Dejo el sobre a un lado y abro la carta de dos páginas. Mis ojos comienzan a leer superficialmente, buscando alguna palabra clave, pero es como abrir la carta de aceptación de una universidad. Apenas si puedo leer. «Relájate, Oliver. Comienza por el principio.»

«Estimado decano Milligan.» Personalizada. Bien. «Le escribo en nombre de Oliver Caruso, quien se presenta como candidato de otoño para su programa MBA…» [3], bla, bla, bla, «… supervisor de Oliver durante los últimos cuatro años…», bla y más bla, «… lamento decir…». ¿Lamento decir? «… que no puedo en conciencia recomendar a Oliver como candidato para su escuela… aunque me duela… falta de profesionalismo… cuestiones de madurez… por su propio bien, se beneficiaría de otro año de experiencia laboral profesional…».

No lo puedo soportar. Mis manos se aferran al papel, destrozando los bordes. Las lágrimas afloran a mis ojos. Y en alguna parte… más allá de los baches… al otro lado del puente… juro que oigo a alguien que se ríe. Y a otra persona que añade: «Te lo dije.»Me levanto, corro hacia el armario y cojo mi abrigo. Si Charlie está esperando el autobús aún puedo alcanzarle. Me pongo el abrigo sin soltar la carta, abro la puerta de golpe y…
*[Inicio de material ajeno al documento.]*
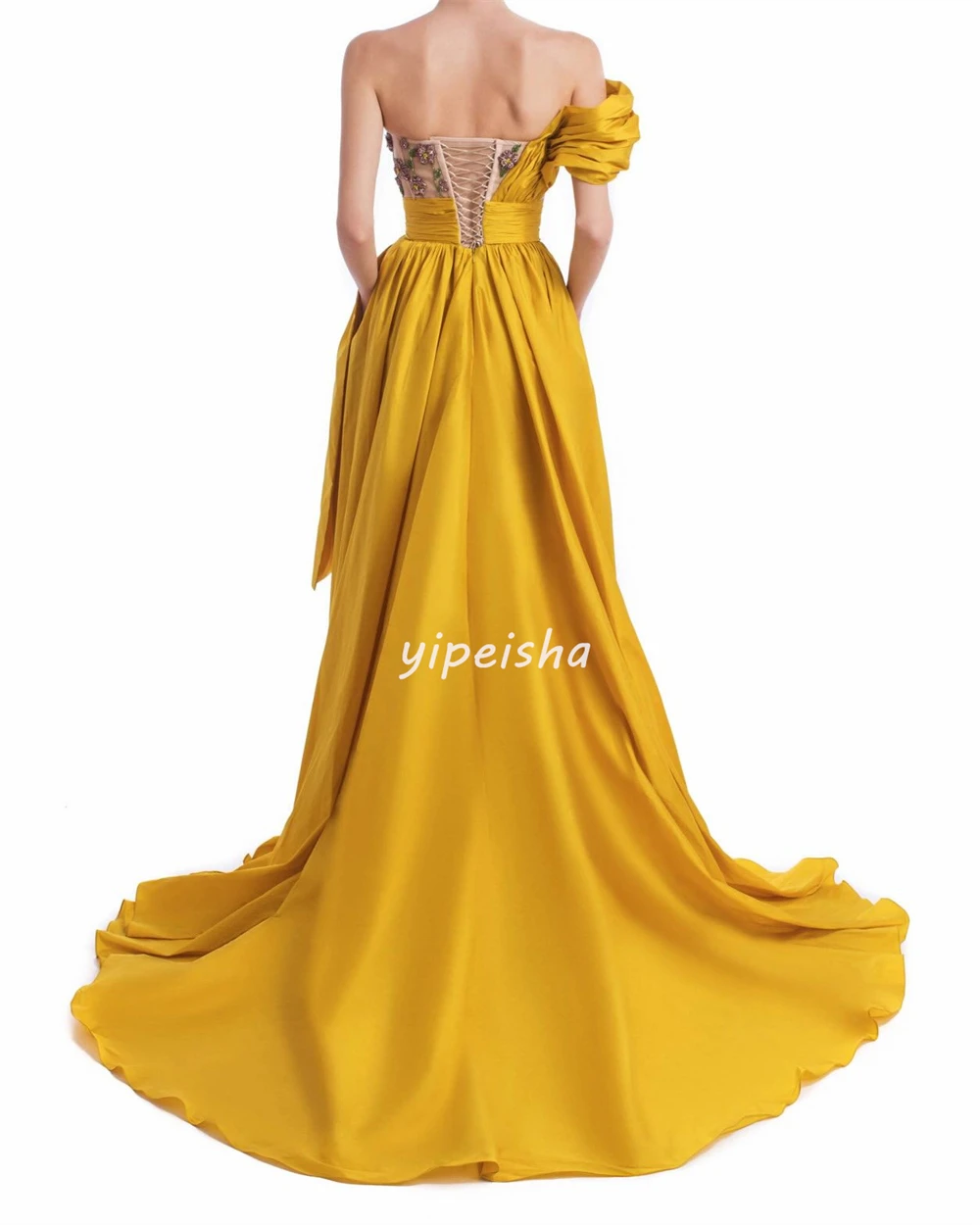 Customized Elegant Women Jersey Beading Ruched A-Line Evening Dresses Classic Strapless Sleeveless Floor Lenght Prom Dresses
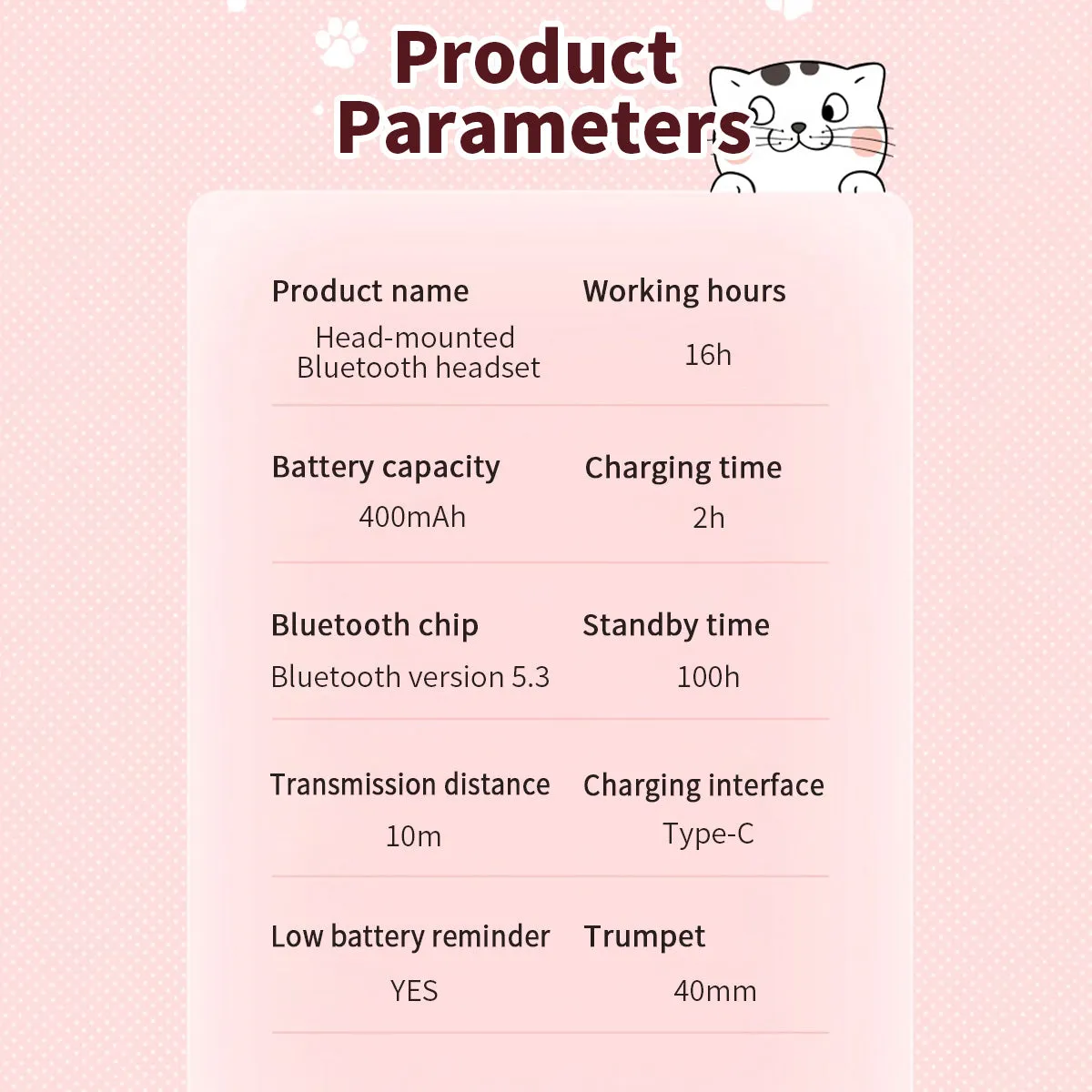 AKZ-09 Cat Ear Wireless Headphones for Kids Adults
– ¿Y bien? -pregunta Charlie, sentado en los escalones-. ¿Qué hay de nuevo en Whoville?

Freno en seco y no digo nada. Tengo la cabeza gacha. La carta es una bola de papel en mi puño derecho.

Charlie me estudia durante unos segundos.

– Lo siento, Ollie.

Asiento, ardiendo de ira.

– ¿Hablabas en serio antes? -le pregunto.

– ¿Te refieres a…?

– Sí -le interrumpo, pensando en la cara de mamá cuando todas las facturas estén pagadas-. A eso.

Inclina la cabeza hacia un lado, entrecierra los ojos.

– ¿De qué estás hablando, Willis?

– Basta de juegos, Charlie. Si aún te interesa… -Me interrumpo en la mitad de la frase. En mi cabeza estoy abriéndome paso a través de los cambios. Todavía hay muchas cosas por hacer… pero en este momento… lo único que tengo que decirle son dos palabras-. Estoy dentro.